Elie Wiesel died yesterday.  Only in his death have I learned anything of him beyond that he wrote and spoke of the The Holocaust.   Truly a “Joni Mitchell Moment” – “you don’t know what you’ve got ‘til its gone.”  Luckily, his lifetime of work remains and is readily accessible.

Today I spent some time reading up on Wiesel and started reading Night, which my wife had on the bookshelf.  In my crash course it seems that Wiesel’s overriding message was to warn of the danger of indifference.  Numerous sources quote him as stating that “the opposite of love is not hate, it is indifference.”  Having witnessed yet survived The Holocaust first hand as a teenager, Wiesel clearly lived to fulfill his own vow: “I swore never to be silent wherever human beings endure suffering and humiliation.  We must always take sides.”

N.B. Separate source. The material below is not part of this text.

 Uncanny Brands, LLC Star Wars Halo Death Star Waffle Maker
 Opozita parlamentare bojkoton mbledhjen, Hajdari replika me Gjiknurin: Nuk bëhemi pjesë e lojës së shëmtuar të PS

It occurs to me that it is so easy to be a spectator, even when the judgment needle instantly pegs the “wrong” side of our morality meter.  Having settled down into a spectator’s seat, it is even easier to remain a spectator.  Wiesel clearly spent his post-Holocaust life fighting indifference,, past, present, and future, and encouraged us to do the same.

“Action is the only remedy to indifference, the most insidious danger of all.”

What am I currently indifferent on that I should be taking a side on?